My niece (who has actually been like a daughter to me the past 6 years) was 27 this past July. Over that time, most of her birthdays, my birthdays and major holidays have had the same kind of sadness as you describe.

I used to feel so sad and embarrassed when co-workers would talk about thier kids, nieces or nephews accomplishments because I didn't even want to bring up my niece (whom I love despite everything) Her journey with drugs went through abuse, dealing, threats on her life and ended with felony conviction. Not at all what I hoped for her.

The solace I take these days is that I have learned to love her, even when I don't like her at all. I read somewhere that compassion is doing what is best in a situation that is not-self referential. For me that meant respecting her choices, setting boundaries and letting go of my expectations or hopes for her - because those hopes were mine, not hers.

Right now she's in jail and I visit her. I expect Christmas will be hard as was Thanksgiving. I visit her and listen to her, noting her progress and noting the ideas and values she has that I know won't bring her happiness. I just go so she knows I love her no matter what, I love her when I say no and when I say yes to her requests. I listen to her and if she wants my opinion I give it. I encourage what is positive and compassionately tell my truth when it seems appropriate.

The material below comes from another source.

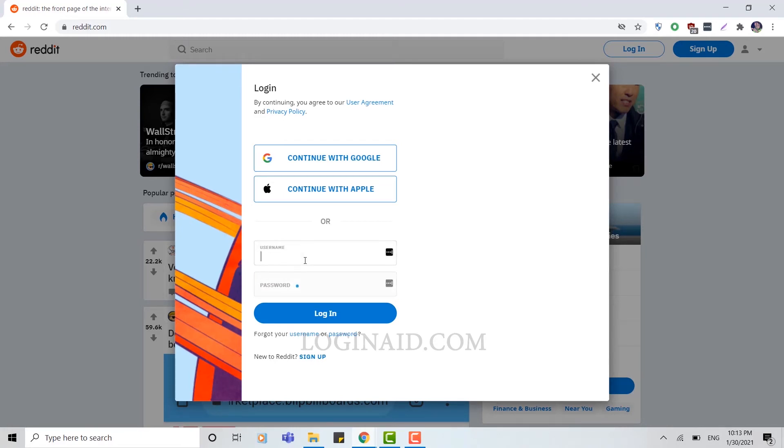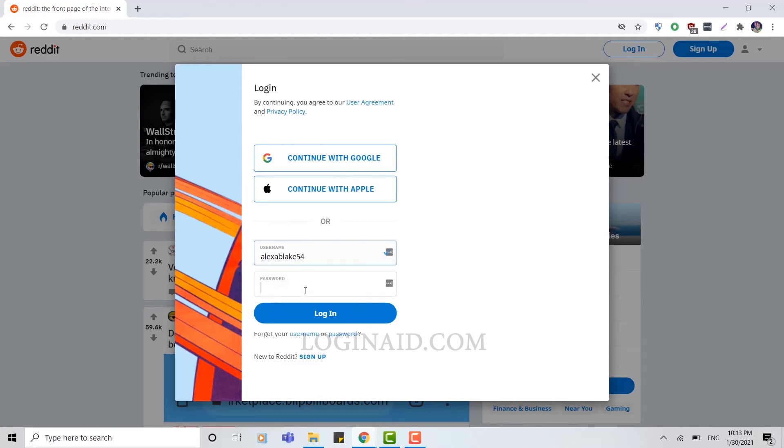After you typed in your username, you type in your password and then click on login.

In the end I believe those of us who have children or young people who we love that get into this kind of trouble were sent to us because we have the capacity to learn how to love them as life gives them thier lessons.

I don't believe there is anything a parent could do to stop a child from doing drugs if they are inclined. There are stories of people who grew up in horrible circustances who avoided this trap and those with perfect upbringings who didn't. Sometimes, it is easier for me to imagine that I might have been able to prevent it than to accept that I have no control over much of what happens in life. I have control only over what I do. And the most powerful thing I can do is learn how to love people despite thier shortcoming and even as I set boundaries for thier benefit and mine.

I pray that you and - really all of us - who love children who struggle with addiction can learn to love them no matter where their journey takes them. It it the hardest task I have ever undertaken, and yet I think it is the most worthwhile. In the end I believe that's all we can do.

God Bless... may you find peace on this journey and may your son return to you soon in a way that gladdens your heart - and if he cannot, I pray that the value of both your suffering and that of your son is revealed to you.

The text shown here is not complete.